* Aim of the task *
Would you write out the lines below exactly, from the one containing "Kawaii Reusable Snack Bags" to the very last, but without the pictures?
******
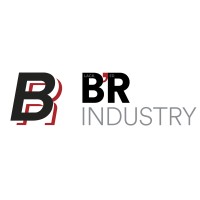 B'R Industry logo, B'R Industry contact details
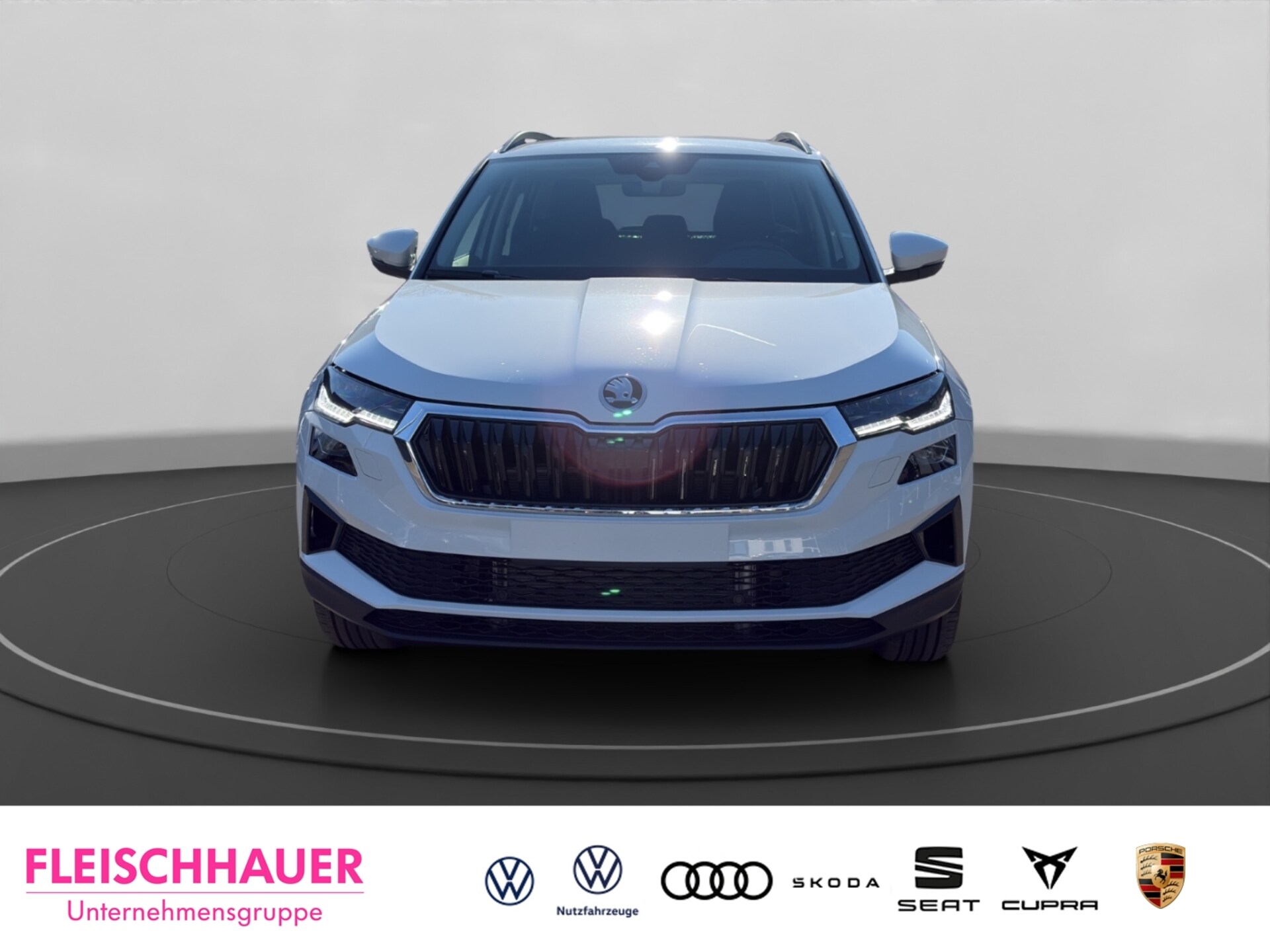 Skoda Karoq Selection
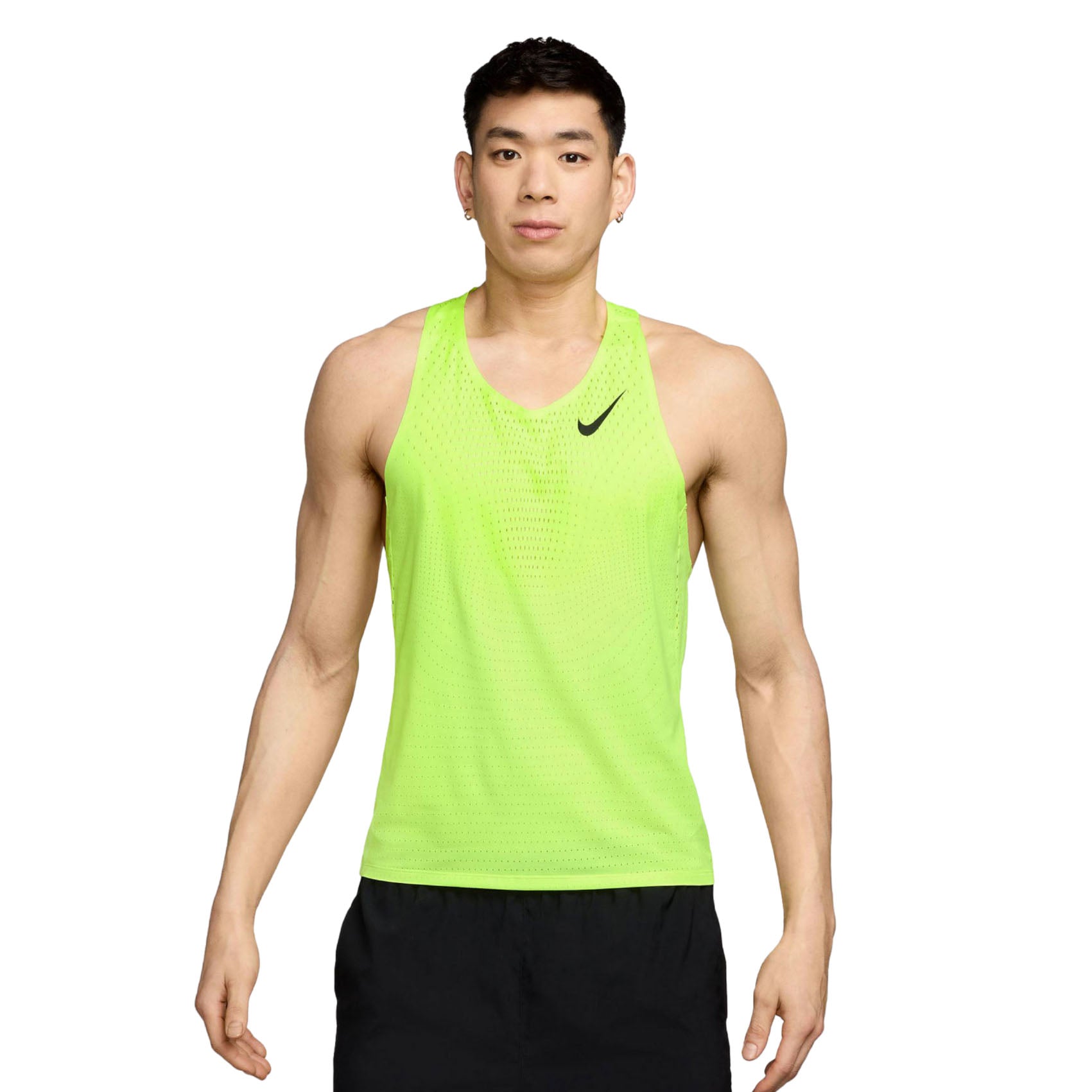 Mens Nike AeroSwift Dri-FIT ADV Running Singlet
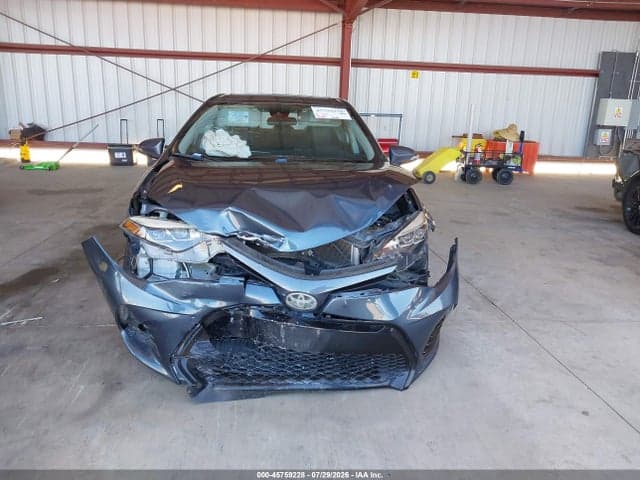 2017 TOYOTA COROLLA XSE 12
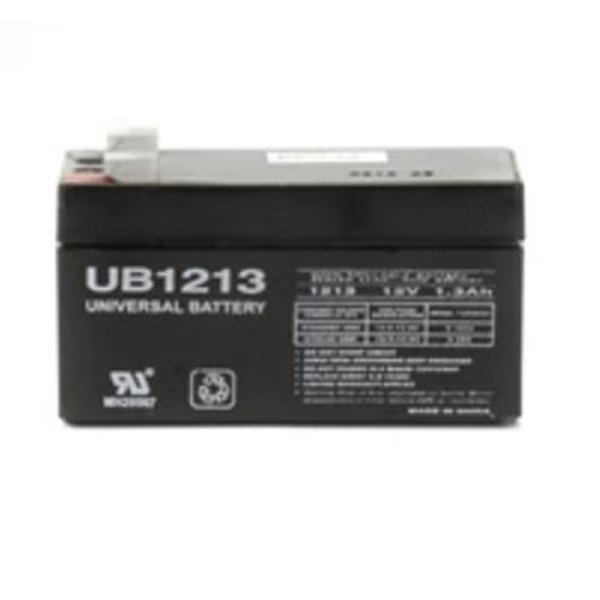 Replacement for Premium Power Ub1213-er Battery, Ilc, Mfr#: UB1213-ER  BATTERY PREMIUM POWER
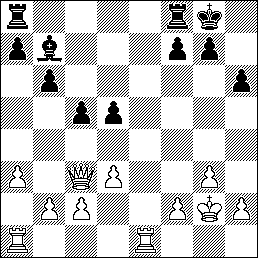 Открытый шах в шахматах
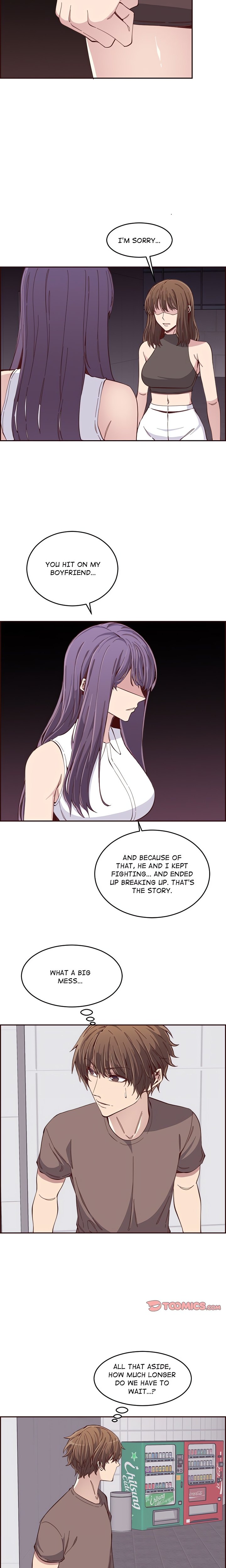 College Secrets chapter 42 page 7
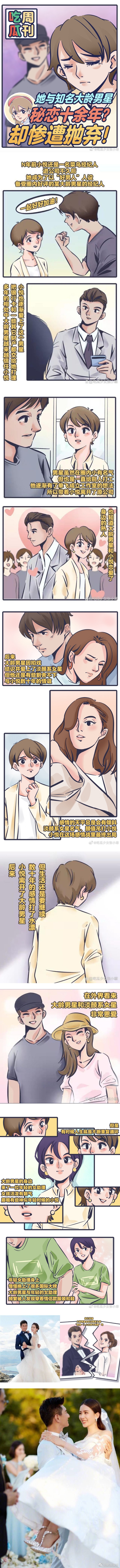 内娱85花全危？网传刘诗诗、吴奇隆婚变！主因竟是男方出轨助理！ 娱乐资讯 图2张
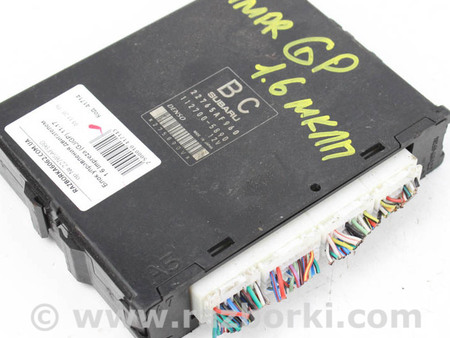 ФОТО Блок управления двигателем для Subaru Impreza IV GP GJ (12-16) Київ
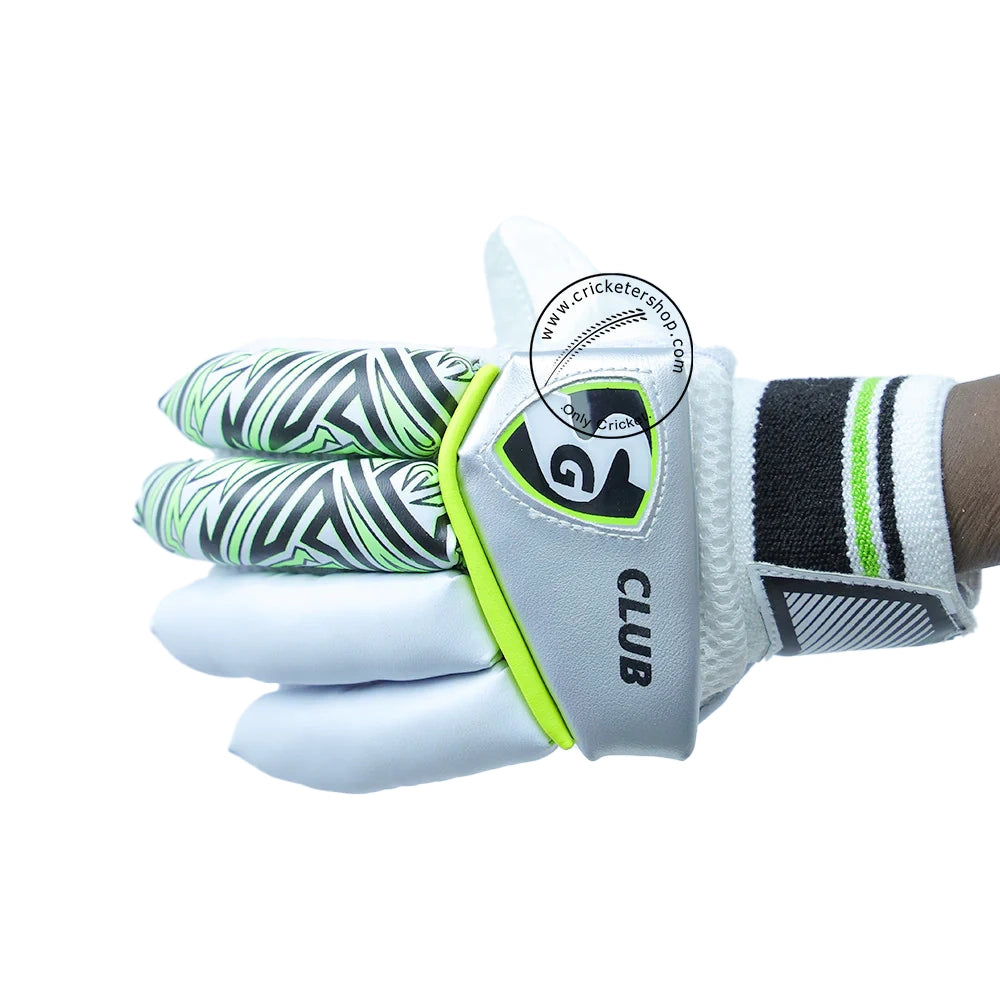 SG Club Cricket Batting Gloves Small Boys Size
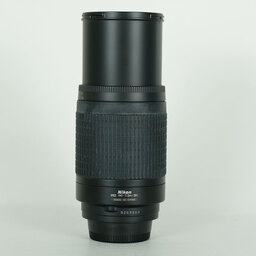 Nikon AF Zoom Nikkor 70-300mm F4-5.6G ブラック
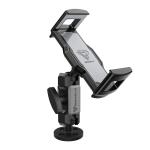 Armor-X Universal Tablet Mount / Stand P5UT with Round Drill-Down Universal Mount Design for Tablet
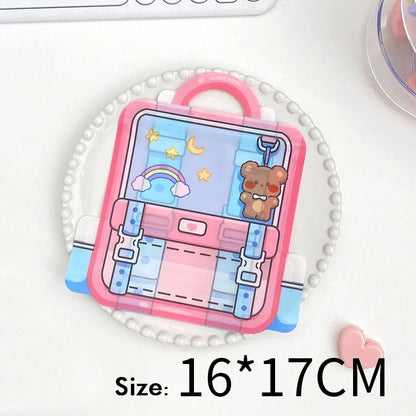 Kawaii Reusable Snack Bags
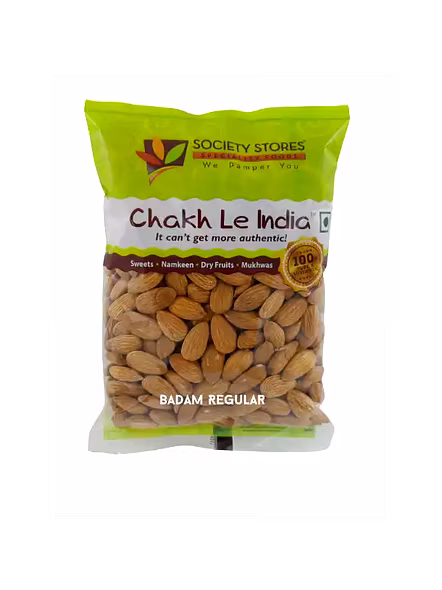Badam Regular (500 G)-739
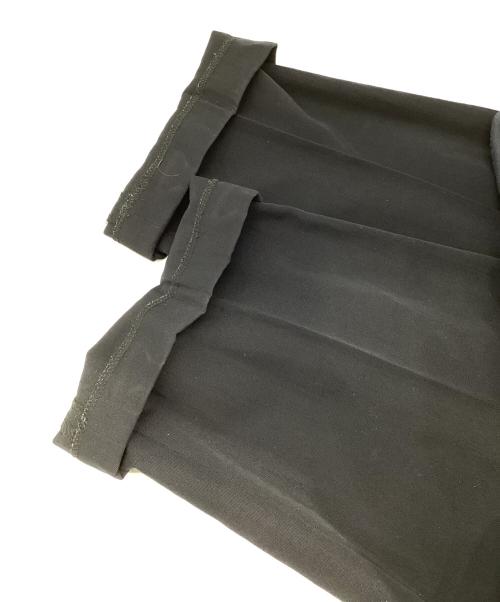 COMME des GARCONS HOMME（コムデギャルソン オム）COMME des GARCONS HOMME (コムデギャルソン オム) ウールタックスラックス ネイビー サイズ:Lの古着・服飾アイテム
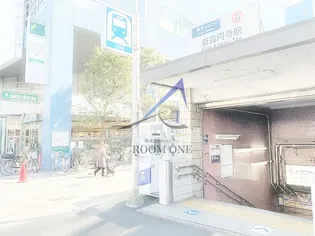 エスパーダ阿佐ヶ谷の周辺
******
* Response to this task *
 Kawaii Reusable Snack Bags
Badam Regular (500 G)-739
 COMME des GARCONS HOMME（コムデギャルソン オム）COMME des GARCONS HOMME (コムデギャルソン オム) ウールタックスラックス ネイビー サイズ:Lの古着・服飾アイテム
 エスパーダ阿佐ヶ谷の周辺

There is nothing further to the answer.